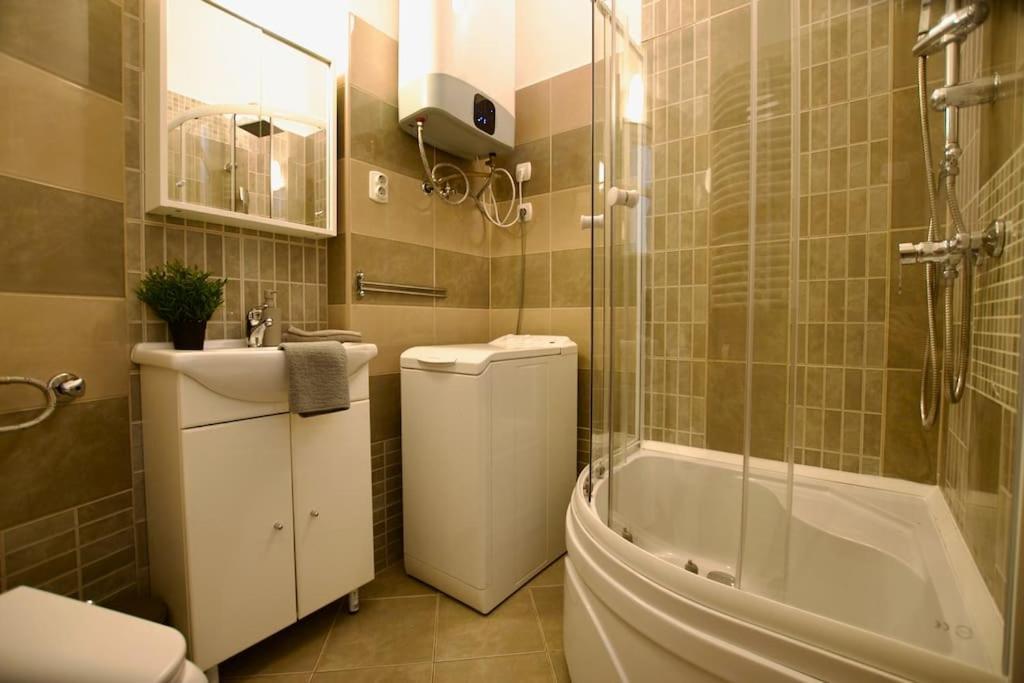 Standard By Hi5- Aranykez Apartmán Budapešť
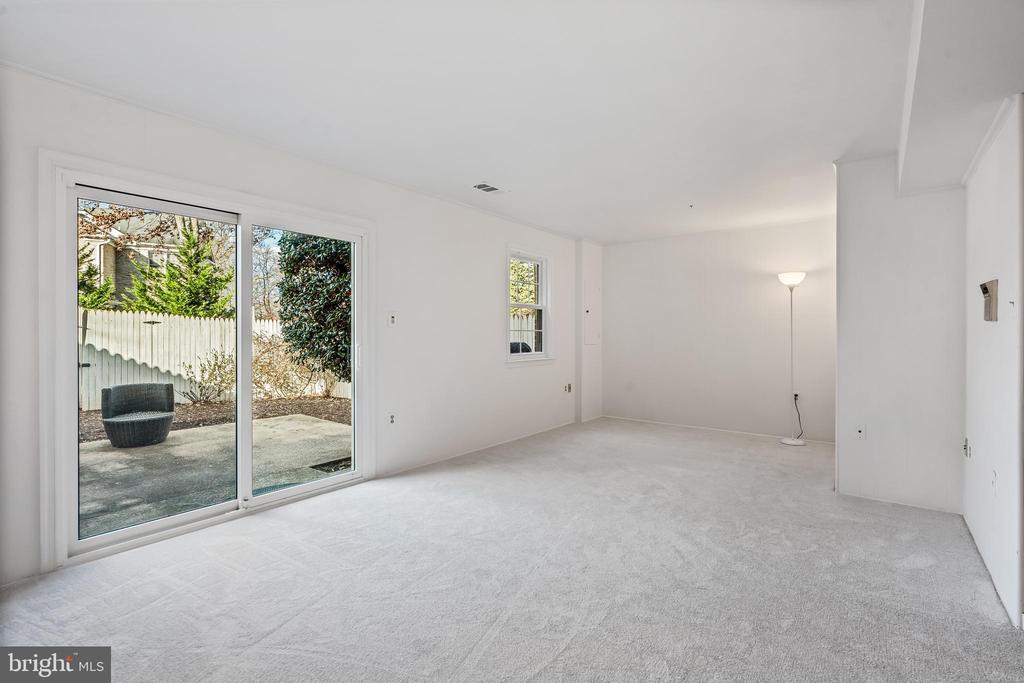 5264 BRADGEN COURT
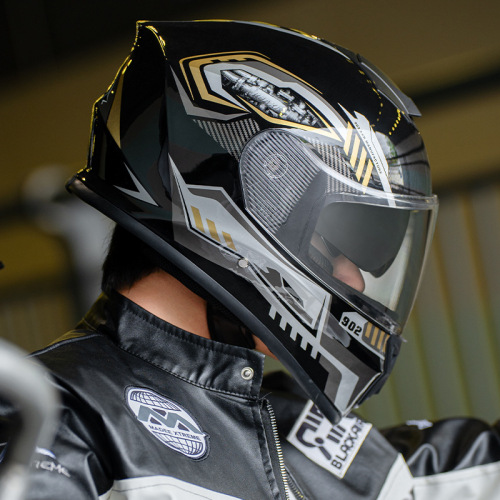 Dedicated Motorcycle Helmet for Men, Warm Winter Biker Double-Lens Electric Bike Helmet for Women, Four-Season Full Helmet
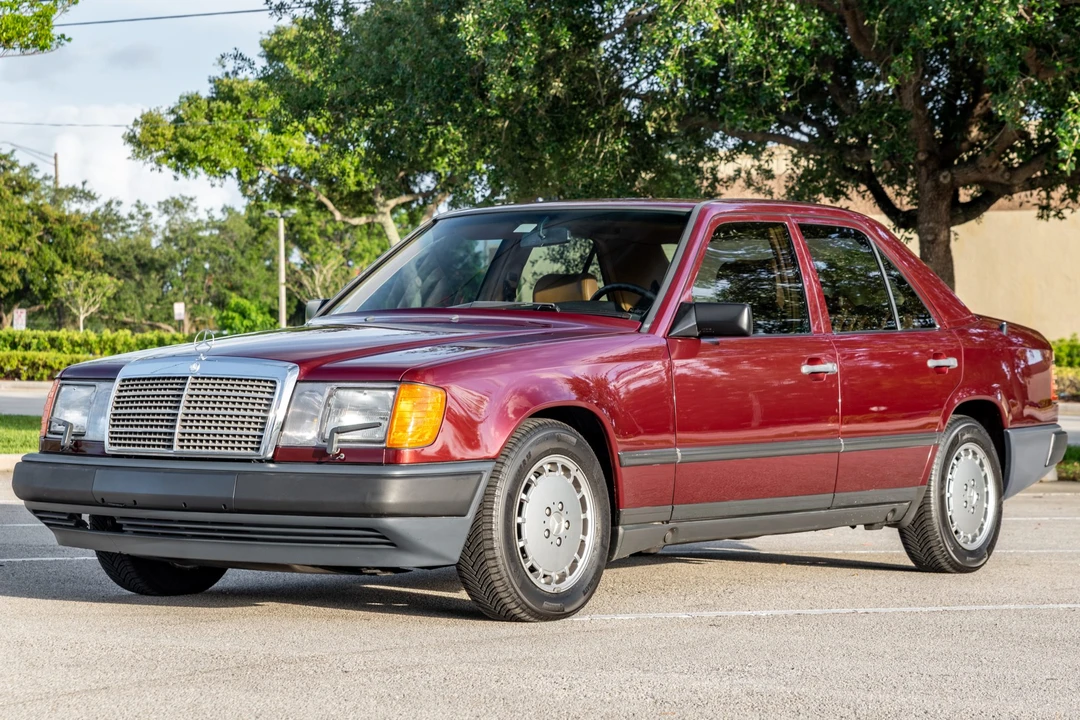 1989 Mercedes-Benz W124 E-Class - Image 2 of 31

▶ [YOUR OBJECTIVE] Return the data exactly as it stands, minus the pictures.

▶ [ANSWER SECTION]
 Standard By Hi5- Aranykez Apartmán Budapešť
 5264 BRADGEN COURT
 Dedicated Motorcycle Helmet for Men, Warm Winter Biker Double-Lens Electric Bike Helmet for Women, Four-Season Full Helmet
 1989 Mercedes-Benz W124 E-Class - Image 2 of 31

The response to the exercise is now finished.